**TASK GOAL**. Output each record below exactly, leaving any picture out of the copy.

(EXERCISE MATERIAL Opens)

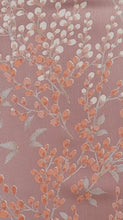 画像をギャラリービューアに読み込む, 暈しの枝葉模様【六つ釦】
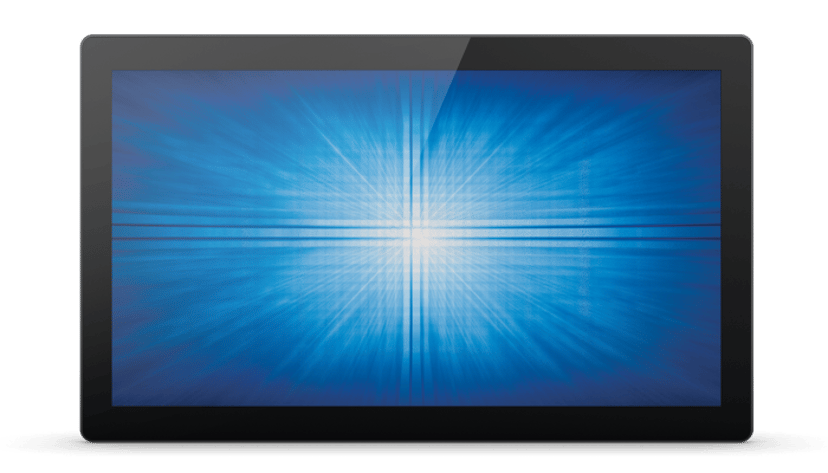 Elo Touch 2294L 21.5" 225cd/m² 1920 × 1080pixels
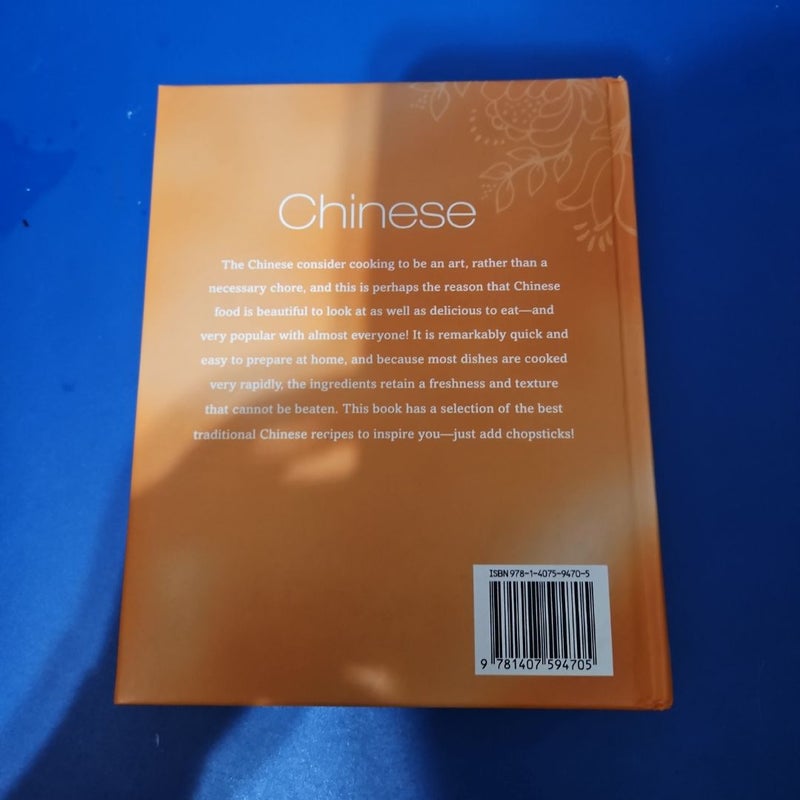 Chinese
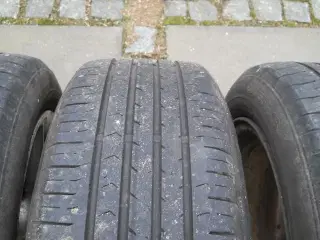 Sommerdæk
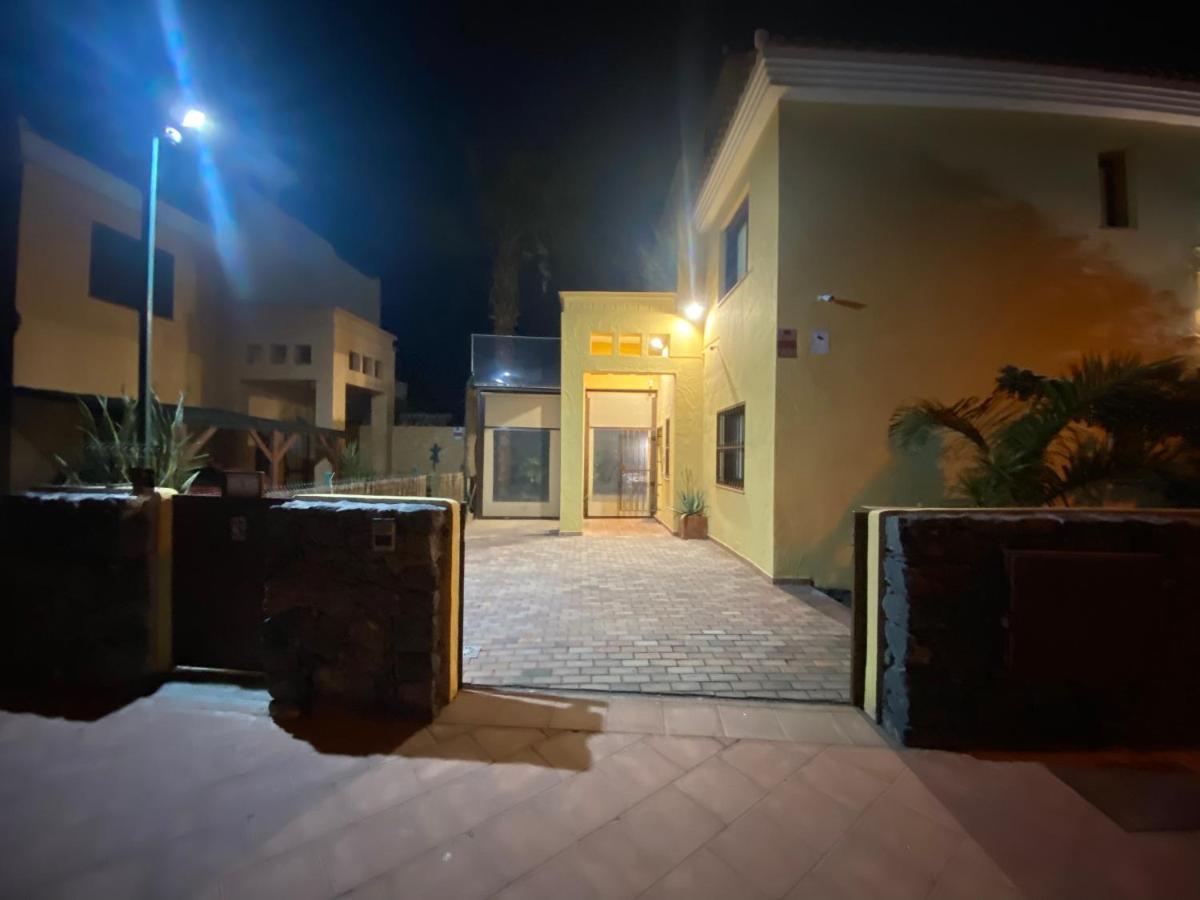 Splendid Star Tenerife San Miguel de Abona Buitenkant foto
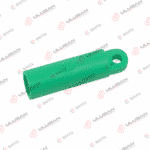 6 MM CR Meme Tapası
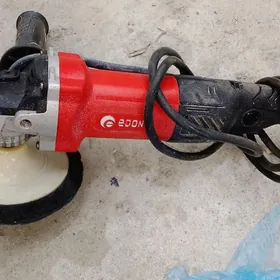 fen bilen polirol apparat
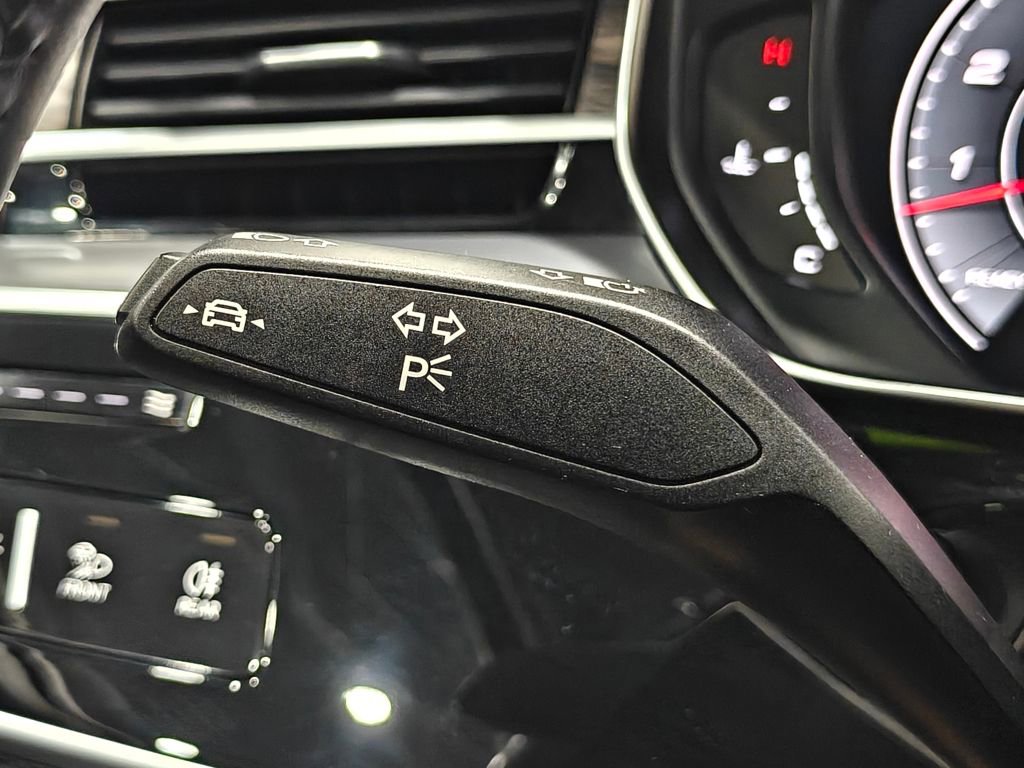 Used 2021 Audi A8 L 3.0T w/ Executive Plus Package image 70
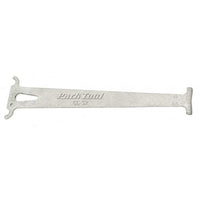 Park Tool CC-3.2 Vérificateur de chaîne, profil droit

(EXERCISE MATERIAL Closes)

**ANSWER TO THE EXERCISE**.
 画像をギャラリービューアに読み込む, 暈しの枝葉模様【六つ釦】
 Elo Touch 2294L 21.5" 225cd/m² 1920 × 1080pixels
 Chinese
 Sommerdæk
 Splendid Star Tenerife San Miguel de Abona Buitenkant foto
 6 MM CR Meme Tapası
 fen bilen polirol apparat
 Used 2021 Audi A8 L 3.0T w/ Executive Plus Package image 70
 Park Tool CC-3.2 Vérificateur de chaîne, profil droit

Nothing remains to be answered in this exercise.